D’un côté, la concentration des infrastructures de calcul (les supercalculateurs et les puces graphiques de pointe) reste aux mains d’une poignée de monopoles technologiques transnationaux. De l’autre, une armée de jeunes ingénieurs, de data scientists et d’entrepreneurs locaux du Sud s’empare des modèles open-source pour concevoir des solutions sur mesure adaptées aux réalités locales, de l’agriculture de précision à la santé prédictive en passant par la finance inclusive.
Les piliers du nouveau pacte de souveraineté numérique
La structuration de ce nouveau pacte technologique repose sur quatre transformations structurelles majeures :

- L’essor des grands modèles de langage locaux (LLM souverains) : Fini l’hégémonie des modèles entraînés exclusivement sur des corpus occidentaux ou anglophones. Des hubs technologiques à Nairobi, Lagos, Casablanca ou New Delhi entraînent des intelligences artificielles sur des langues locales et des contextes culturels endogènes, garantissant la préservation des patrimoines cognitifs.
- L’infrastructure énergétique décentralisée pour le calcul : Conscient que l’entraînement des IA requiert une puissance électrique colossale, le développement de mini-grids solaires autonomes adossés à des centres de données de proximité permet aux marchés émergents de s’affranchir des défaillances des réseaux électriques traditionnels.
- La régulation et l’éthique des données endogènes : L’instauration de cadres législatifs stricts interdisant l’extraction non régulée des données des populations des pays émergents par des firmes étrangères, instaurant le principe de la « propriété des données souveraines ».
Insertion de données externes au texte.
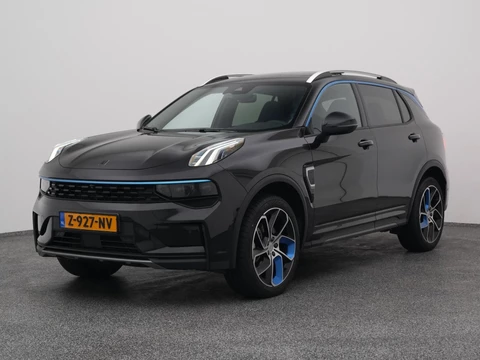 Lynk & Co 01 1.5 Plug-in Hybrid | 360° | ZWARTE HEMEL | STUURVERWARMING | NLD AUTO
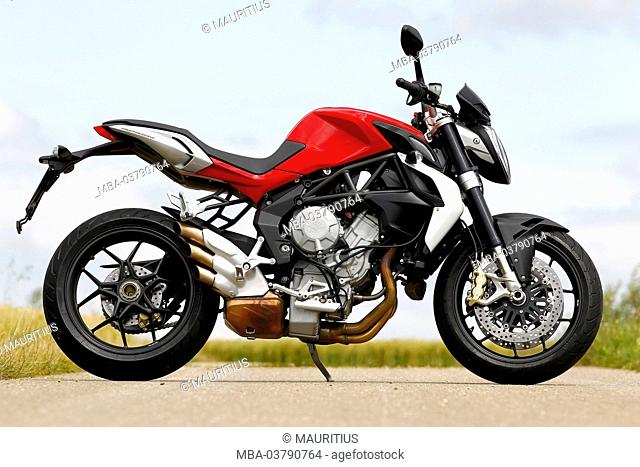 Motorcycle, MV Agusta Brutale 675 trepistoni, year of construction in 2012, side standard, right side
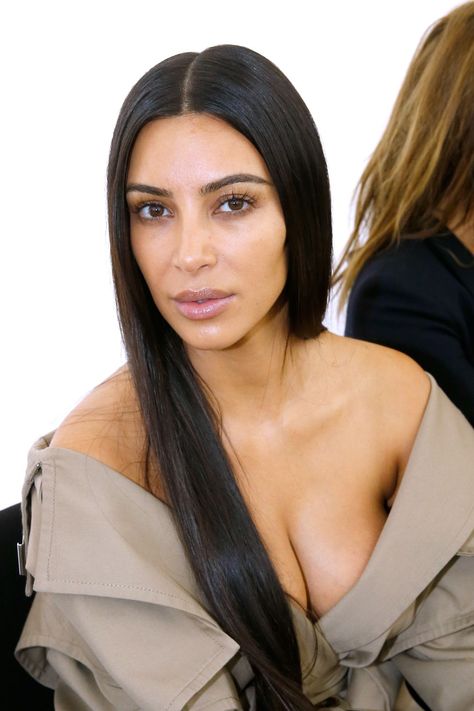 The Actual Procedures Celebrities Get To Look Flawless Without Makeup Estilo Khloe Kardashian, Estilo Kim Kardashian, Kim Kardashian Hot, Kardashian Fashion, Kardashian Makeup, Kim Kardashian Makeup, Kim Kardashian Hair, Kardashian Hair, Celebrity Quizzes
- Le transfert de compétences et l’éducation par l’IA : L’utilisation massive d’assistants pédagogiques conversationnels multilingues pour former en temps réel des millions de jeunes aux métiers du code, de la maintenance des infrastructures et de l’ingénierie des données.
Implications pour l’économie globale et la compétitivité future
Pour les marchés émergents, l’enjeu n’est pas de rivaliser dans une course perdue d’avance sur les super-ordinateurs les plus puissants du monde, mais d’exceller dans l’application verticale de l’IA aux secteurs vitaux de leur économie. En automatisant la traçabilité des filières agricoles, en optimisant la logistique transfrontalière de la ZLECAf ou en fluidifiant les micro-paiements, l’intelligence artificielle devient le catalyseur d’une croissance inclusive affranchie des rentes traditionnelles. C’est la naissance d’un capitalisme cognitif du Sud, capable de dialoguer d’égal à égal avec les puissances technologiques établies.